►

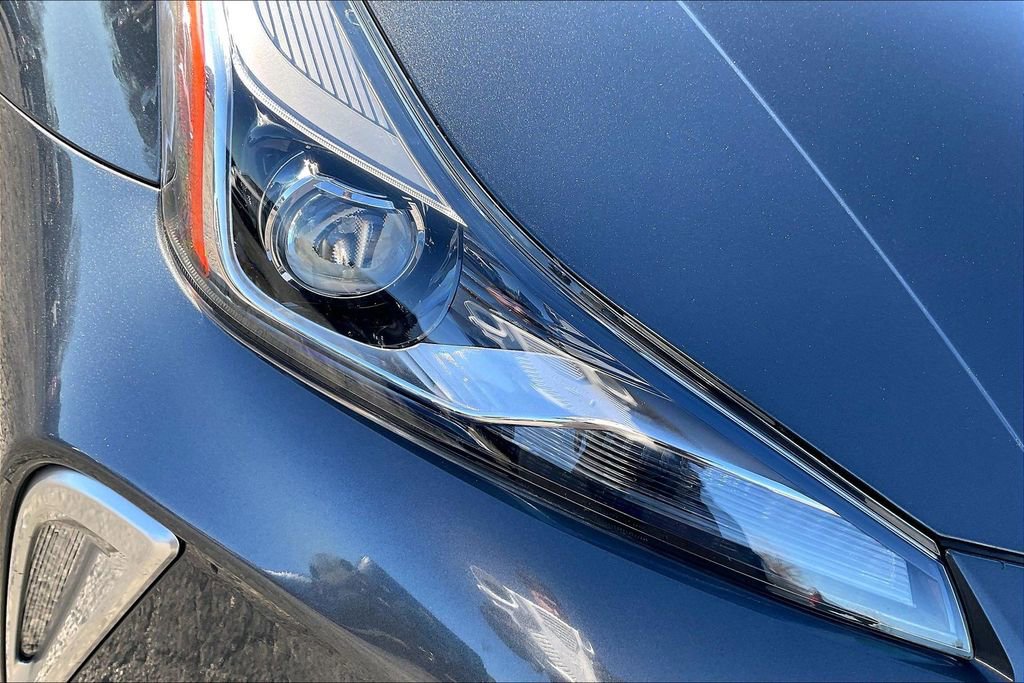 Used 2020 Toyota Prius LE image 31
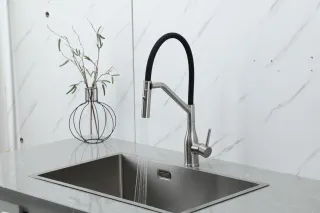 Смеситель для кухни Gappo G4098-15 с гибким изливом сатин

◄
►

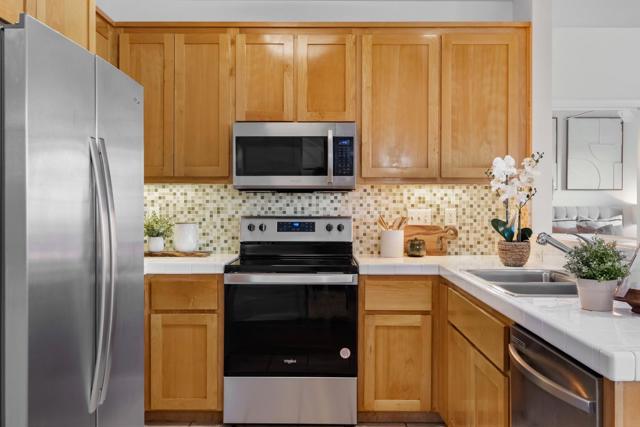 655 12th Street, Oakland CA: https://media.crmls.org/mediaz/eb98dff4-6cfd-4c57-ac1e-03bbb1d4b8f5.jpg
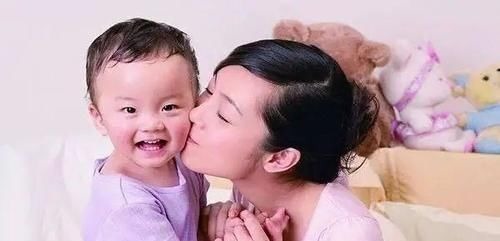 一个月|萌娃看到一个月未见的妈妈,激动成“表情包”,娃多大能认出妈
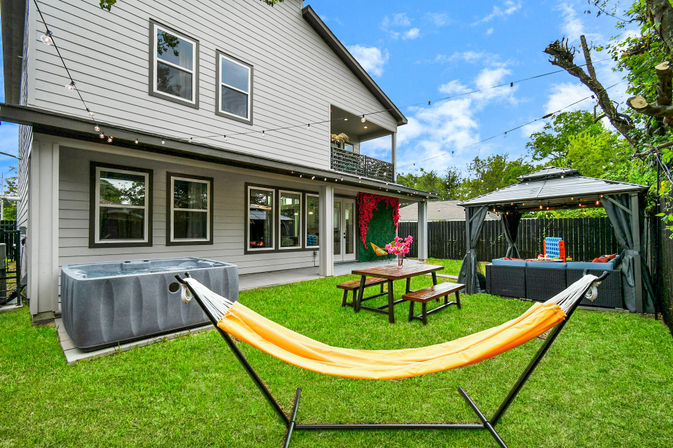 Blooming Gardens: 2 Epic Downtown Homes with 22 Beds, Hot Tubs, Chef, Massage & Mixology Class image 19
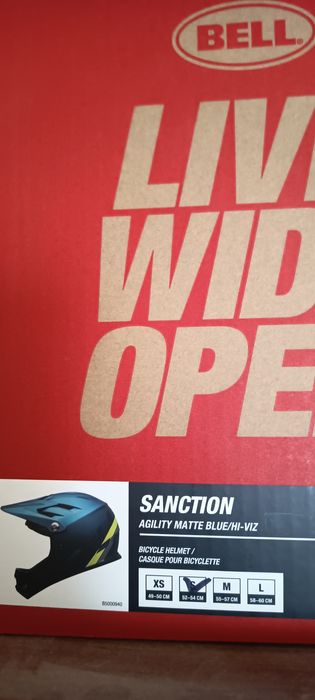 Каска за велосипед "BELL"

◄

■ What you have to do:
Retype the lines above exactly as they appear, from the line containing "Used 2020 Toyota Prius LE image 31" through the line containing "Смеситель для кухни", and leave out any pictures.

■ Your solution:
 Used 2020 Toyota Prius LE image 31
 Смеситель для кухни Gappo G4098-15 с гибким изливом сатин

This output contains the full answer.